# 522 Letter Box and reduced picture size



## robert koerner (Aug 20, 2005)

Some of the channels I get have converted to letter box; one channel, local PBS, has letter box with bars on the left and right hand sides.

While talking with Dish Tecs, they have denied that the PBS signal is a reduced pix, have told me that this is a unique problem for me and the reduced pix size because of the letter boxing is not a Dish problem--they have no suggestions to restore normal pix size (other than calling the manufacturer of my 3 year old Sony TV).

ANy suggestions for restoring the normal picture size to my SD TV?

The options I've come up with are:

to redo my TV room to sit closer to the TV
buy new glasses for increased magnification
buy a TV with a larger screen (sorta hard to do with SD TVs)
buy a HD TV to watch SD signals
buy a Dish 722 for SD use to get a unit with a format option (Dish claims I'll have to pay them an extra $7 a month if I buy my own 722 HD receiver and don't spend $10 more a month for HD programing!)

I don't watch any sports, don't rent any movies, and don't have any movie channels, just the beginning "100" channels, of which I record from about 12.

No cable where I live.

Best from Tucson
Bob


----------



## kf4omc (Apr 11, 2006)

I am sorry but there is nothing you can do about this problem but upgrade an HD TV. What is happing is that you PBS station is down converting its HD signal. This is why it is in letterbox. this is why you have black bars on the Top and Bottom of the screen. This is so they can fit the 16:9 picture in you 4:3 screen. Now since they are now in a 16:9 format and they have to broadcast a show that is in the 4:3 format, they have to add black bars to the left and right of the screen to keep the 4:3 aspect ratio. this give you what is called a postage stamp picture on your screen. Unless you have a TV that is 16:9 you will just have to put up with PBS being like that.


----------



## javaman (Sep 26, 2004)

I've also seen that pathetically small stamp sized picture from time to time on my local PBS station. It seems to me this whole switch to digital hasn't been thought through at all. For the past several months all the HD content on the major networks has been cropped at the sides so you end up with missing text and people's noses poking from the side of the frame and nobody seems to know what to do about it other than say buy an HD TV. :nono2: Didn't someone think of a way to have a standard def receiver make the necessary change and letterbox the programs? Cripes they've had years to prepare for this and this is the result we get? What a joke.


----------



## Barry K. Nathan (Dec 31, 2008)

You don't have to get an HDTV! You can simply upgrade from an SD satellite box to a ViP. In order to be able to change the format, you will either need to sign up for HD programming from Dish, or you will need to use an antenna to receive channels OTA. (If you want to fix problems with PBS, you'll need the antenna for sure, at least at this point.)
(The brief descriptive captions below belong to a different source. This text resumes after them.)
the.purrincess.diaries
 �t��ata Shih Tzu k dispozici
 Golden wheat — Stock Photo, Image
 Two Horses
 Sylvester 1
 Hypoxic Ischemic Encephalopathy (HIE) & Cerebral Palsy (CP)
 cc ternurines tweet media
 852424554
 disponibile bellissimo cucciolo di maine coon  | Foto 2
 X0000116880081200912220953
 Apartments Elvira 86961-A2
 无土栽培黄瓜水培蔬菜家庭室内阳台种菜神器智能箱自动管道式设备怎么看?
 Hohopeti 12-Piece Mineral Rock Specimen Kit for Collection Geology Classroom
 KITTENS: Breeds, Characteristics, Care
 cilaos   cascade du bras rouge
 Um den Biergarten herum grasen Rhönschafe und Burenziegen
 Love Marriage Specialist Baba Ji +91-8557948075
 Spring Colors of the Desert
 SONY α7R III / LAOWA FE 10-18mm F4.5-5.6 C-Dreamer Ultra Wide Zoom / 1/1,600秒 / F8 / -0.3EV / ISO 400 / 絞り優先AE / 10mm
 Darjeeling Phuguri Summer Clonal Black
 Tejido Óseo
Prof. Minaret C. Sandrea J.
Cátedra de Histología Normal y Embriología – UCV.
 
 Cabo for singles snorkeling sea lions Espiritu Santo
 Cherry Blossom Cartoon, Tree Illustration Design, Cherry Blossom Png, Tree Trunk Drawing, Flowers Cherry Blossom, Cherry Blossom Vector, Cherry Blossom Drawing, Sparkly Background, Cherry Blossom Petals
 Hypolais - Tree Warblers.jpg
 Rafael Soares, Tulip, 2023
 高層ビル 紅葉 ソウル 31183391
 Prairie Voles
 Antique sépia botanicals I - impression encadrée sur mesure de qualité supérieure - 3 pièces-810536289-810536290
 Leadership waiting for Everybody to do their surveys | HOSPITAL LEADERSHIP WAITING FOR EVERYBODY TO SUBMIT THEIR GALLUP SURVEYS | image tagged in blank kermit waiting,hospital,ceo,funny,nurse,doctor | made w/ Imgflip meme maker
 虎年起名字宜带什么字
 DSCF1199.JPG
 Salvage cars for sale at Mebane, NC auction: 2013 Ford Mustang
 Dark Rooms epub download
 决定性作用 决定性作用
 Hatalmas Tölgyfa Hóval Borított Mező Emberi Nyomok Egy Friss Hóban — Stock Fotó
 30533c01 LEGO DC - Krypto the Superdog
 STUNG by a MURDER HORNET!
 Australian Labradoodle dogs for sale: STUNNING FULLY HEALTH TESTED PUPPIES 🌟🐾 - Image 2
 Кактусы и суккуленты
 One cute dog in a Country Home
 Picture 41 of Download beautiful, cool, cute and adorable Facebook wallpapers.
When you try to order the upgrade, the Dish Network customer support rep may tell you (incorrectly!) that upgrading to an HD DVR is useless without an HDTV. I'm not sure what the best solution to this particular problem is. Without intending to do so, I ended up arguing with the CSR until he gave up and let me order the upgrade anyway, but if I had to do it over again, maybe I would just lie and tell him I have an HDTV. (The installer who showed up, however, had no problem with the fact that I was connecting it to a regular TV.)

I can personally attest that upgrading to a ViP722 fixed my formatting problems with KCET.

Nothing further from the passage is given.